A chilly, but not quite rainy Saturday rolled around and we headed to course. On the drive to the course with my wife I remarked how nice it would be to break 100 on my first attempt of the year and finally get that monkey off the back early on. I also said that regardless of what happened score-wise, my intent was simply to enjoy myself and be grateful to be out on that beautiful golf course.

My round started with one of my more stupid double bogeys I’ve ever taken on the easy first hole. However, I managed to steady the ship a bit and made two pars in the first four. After nine, I checked my score and found I was sitting at 46: my best ever at that course, and a real shot at shooting in the 90s.

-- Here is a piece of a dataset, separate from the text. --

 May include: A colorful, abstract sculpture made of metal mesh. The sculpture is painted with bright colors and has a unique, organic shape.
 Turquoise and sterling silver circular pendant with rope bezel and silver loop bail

I continued to play well on the back nine, making a lot of pars, including both par threes. I took advantage of the few good breaks the course gave me and recovered well after errant shots. I didn’t find a bunker until the sixteenth hole, and then found three more — two fairway and two green side total — over the next two holes, but managed to successfully escape them all.

On the 18th I felt like I had a chance, but didn’t want to check my score. My wife then asked, as I waited to tee off, if I’d like to know. Based on her tone of voice, I figured I was doing okay. It turned out that as long as I didn’t take an 11 on the hole, I’d do it. That freed me up a lot and I hit a good shot down the fairway and wound up making a stress-free six. I broke 100 for the first time with a final score of 95.

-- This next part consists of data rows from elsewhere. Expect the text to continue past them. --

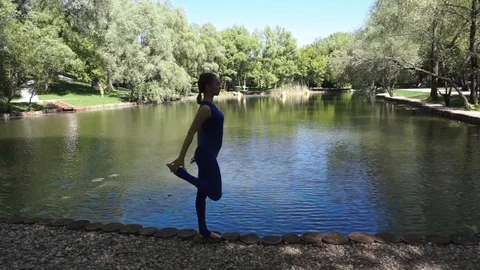 Yoga balancing at the pond Stock Footage 90381262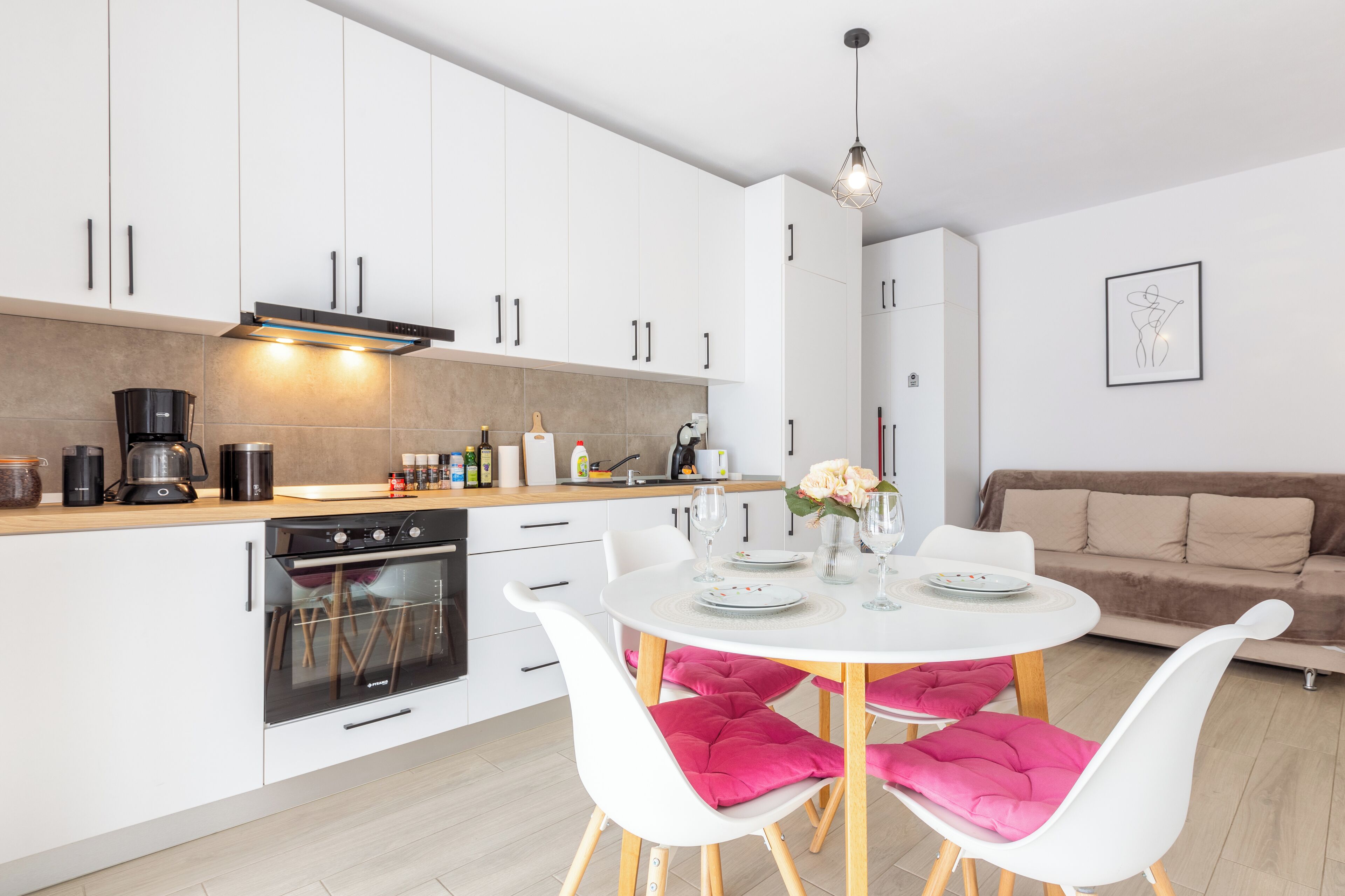 A modern kitchen with white cabinets, a built-in oven, and a dining area with a white table and chairs.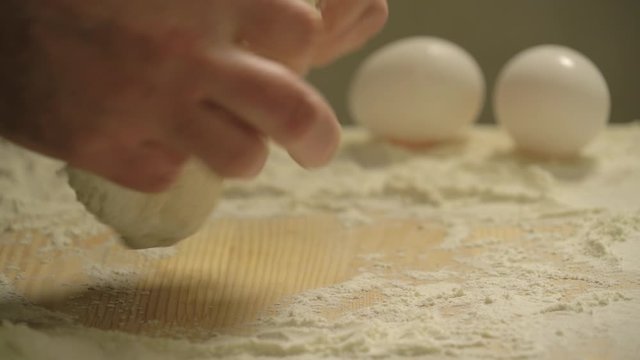 Male hands knead fresh homemade dough on a special kitchen board in the home kitchen, close up shot. Home baking pastries. Baker kneading dough in flour on table. Baker Kneads Dough And Making Bread.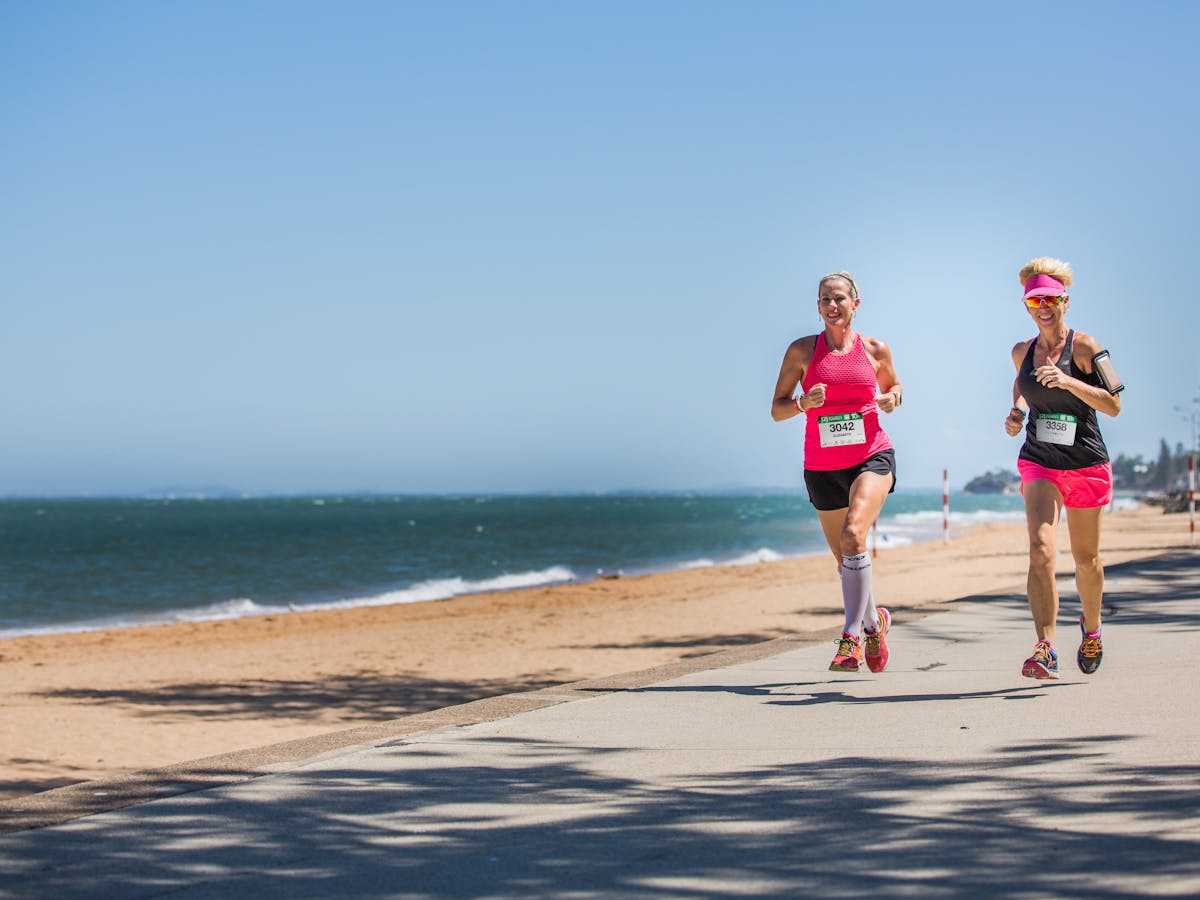 Runners running along Suttons Beach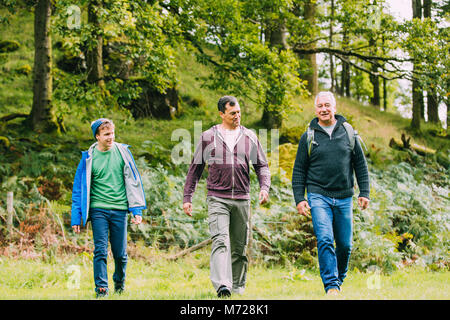 Three generation family are out hiking together. There is a senor man, his mature son and his teenage grandson. Stock Photo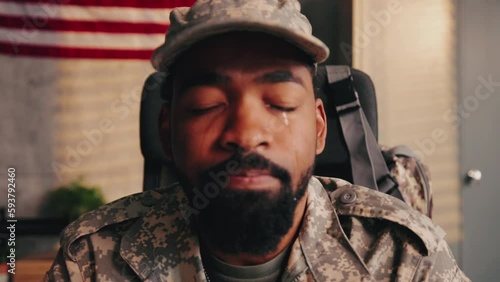 Close up on American soldier crying in office.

I was elated to say the least. It’s the first big milestone all golfers try to get to when they first start playing regularly, and while I didn’t get to it as fast as I would have liked, it still felt good to do it, especially on the first 18 of the year.

I promptly texted all those people in my life who would care, my dad, my golf buddies, my coach.

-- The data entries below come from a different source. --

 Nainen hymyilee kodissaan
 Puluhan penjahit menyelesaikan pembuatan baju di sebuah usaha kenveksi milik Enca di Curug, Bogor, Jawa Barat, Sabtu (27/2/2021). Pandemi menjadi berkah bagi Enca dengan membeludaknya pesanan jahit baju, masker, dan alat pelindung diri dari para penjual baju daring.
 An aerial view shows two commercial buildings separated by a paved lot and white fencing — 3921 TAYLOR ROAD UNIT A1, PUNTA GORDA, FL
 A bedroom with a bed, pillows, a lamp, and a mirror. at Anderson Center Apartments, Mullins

The next day the plan was to relax and not play golf. It was raining, my wife was working, I’d played twice in the last two days.

However, I wound up deciding instead to get off my butt and go watch the final few holes of the PGA Championship. Xander Schauffele, one of my favourite players on Tour, had a good chance at winning his first major, so I figured I’d go watch the tail end and hit some balls after.

This turned out to be a great idea. Not only because I got to watch him win live and in dramatic fashion, I also got some practice in on the range (bad) and putting green (very good) and then when I got home I was invited to play the next afternoon at St. Eugene with my neighbours.

I set no expectations for score, again just intending to be happy and grateful to get out again on an awesome course with great friends. Plus, the 100-mark had already been slain, I could just relax and play my game. Before tee off I figured it was more likely that I’d backslide and shoot 116 or something, rather than match or better my previous score.

I was wrong.

While one over through the first four holes, I said something like “Let’s shoot in the 80s, boys!” I then finished the front nine with a shocking 42, from the blue/white tee combo, thanks in large part to the best putting performance of my life hands down. I remember yelling “What is going on?!” after draining a 25-footer for par.

On the back nine I continued to play well until a 200-yard downhill par three where I put a ball out of bounds, and wound up taking a seven. I followed that up with a triple bogey on the next hole and my hopes of breaking 90 were pretty much dashed. However, I recovered well and my scores continued to trend in the right direction. I made a double on the next hole, then a bogey and then a par. If I birdied the last it would have been like a straight flush.

I played the final hole at St. Eugene smart, going driver, wedge short of the water, wedge onto the green and then two putted for a par and a final score of 92.

Breaking 100 for the first time and then two days later breaking 90 would have been sensational, but it’s pretty cool to know that I was just one or two bad holes away from doing it. I’m extremely excited for what the rest of this season has in store.